Space Artist Robert McCall Dies at 90
Just inside the entrance to the National Air and Space Museum is a multi-story mural. In its center, a fully suited Apollo astronaut gazes out at museum-goers, lunar dust suspended in the air around his boots. To the astronaut's left, is the artist's swirling depiction of the Big Bang Theory on the creation of the universe. And to his right, is a lunar rover and the Apollo lunar lander, its gold foil glimmering.
The sprawling mural is a preview to what awaits. Peer around the corner and you'll see an actual Apollo lunar module. Visit the Apollo to the Moon gallery and you'll see the original space suits worn by Neil Armstrong and Buzz Aldrin on the Moon.
"The Space Mural - A Cosmic View," as the painting's called, has become an important piece in the museum, and its maker Robert McCall, one of the world's best space artists. But the sad news of McCall's death is spreading throughout the air and space community. Last Friday, the 90-year-old artist suffered a fatal heart attack in Scottsdale, Arizona.

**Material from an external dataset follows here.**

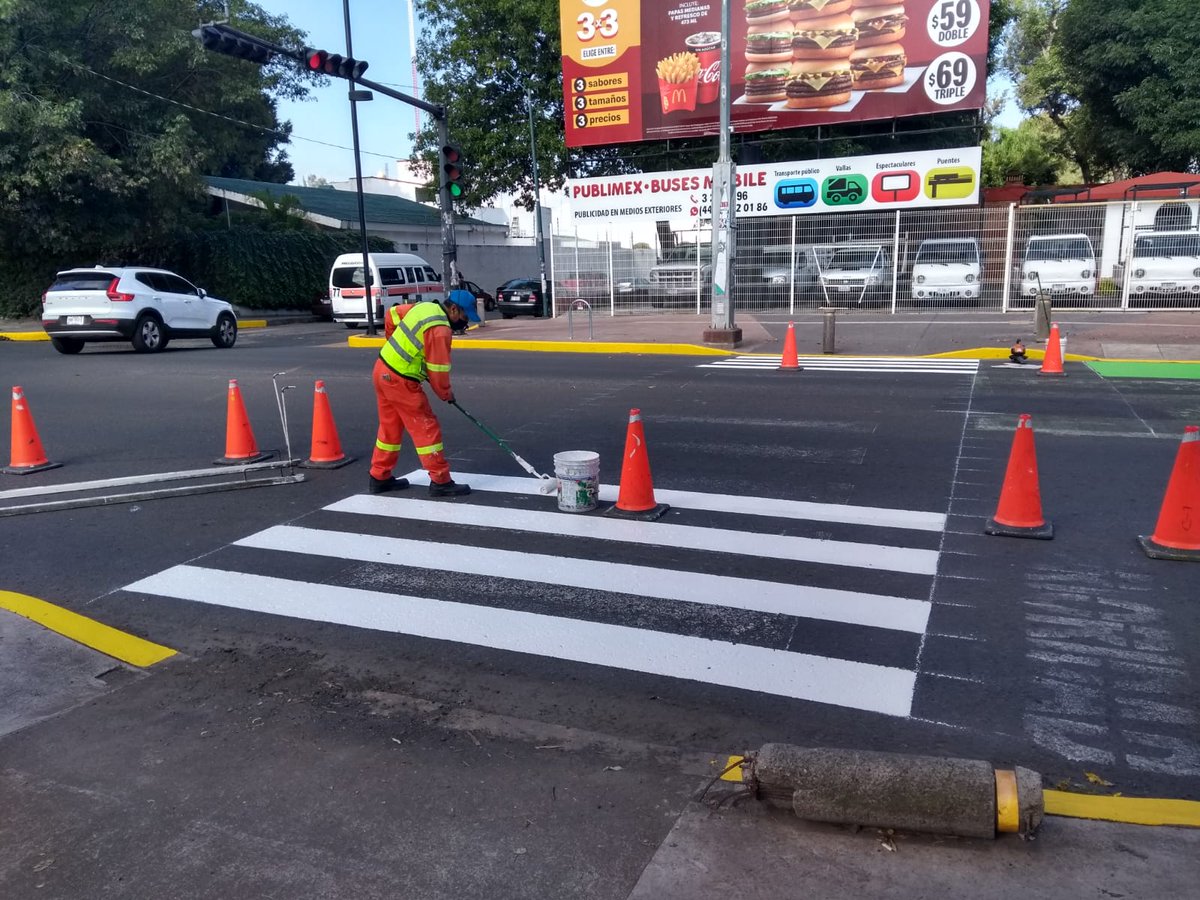 semovep's tweet photo. Avanzan los trabajos de balizamiento con elementos peatonales y ciclistas en Calzada Ventura Puente.

Refrendamos nuestro compromiso con la seguridad vial de los usuarios más vulnerables de la vialidad.

#MoreliaBrilla https://t.co/YKFIwoichq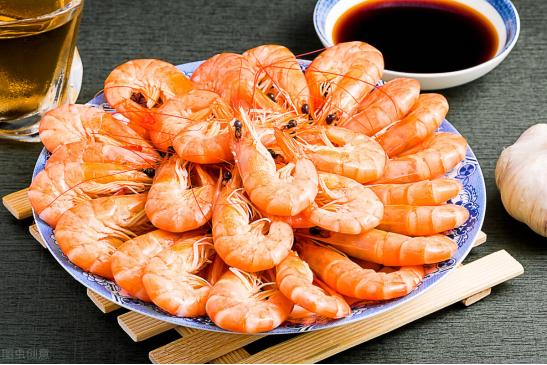 水煮虾的正确做法冷水还是沸水,水煮虾应该是凉水下锅还是热水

McCall's career really kicked off in the 1960s, when he illustrated for the Saturday Evening Post, Life and Popular Science. His interest in space came from an early interest in science fiction. (I bet he was pleased when sci-fi author Isaac Asimov once described him as the "nearest thing to an artist in residence from outer space.") And one of his most visible projects might have been the advertising posters he created for director Stanley Kubrick's 1968 cult classic "2001: A Space Odyssey."

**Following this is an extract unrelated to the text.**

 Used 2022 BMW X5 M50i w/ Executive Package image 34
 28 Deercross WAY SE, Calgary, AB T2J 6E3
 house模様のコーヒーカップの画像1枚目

McCall attended every major shuttle space launch for decades and was praised for his futuristic views of space, and how they pushed space exploration forward. In his 60-year career, the prolific artist produced more than 400 paintings. He had such wide range as an artist—making everything from patches worn by astronauts and 21 space-related postage stamps, to the six-story mural at the Air and Space museum, which he painted over the course of eight months in 1976.
Margaret Weitekamp, curator in the museum's space history division, was able to show me the proposal for the mural that McCall submitted to the museum in 1975. The document provided some insight into McCall's intentions. In it, he wrote that the goal of his "Space Mural" is "to inspire in those who view it, a sense of awe in the majesty of the universe, a feeling of pride in man's achievements in space, and a profound optimism about the future."
According to Weitekamp, the mural continues to meet McCall's measures for success. "There's such life to it. It's so dynamic and colorful," says the curator. "He was famous for having these highly imaginative canvases but then also for getting all of the technical details right, which does a space history curator's heart good. I really hope that it gives visitors some sense of what we do here at the museum, of that scope of space history and the hopes for the future."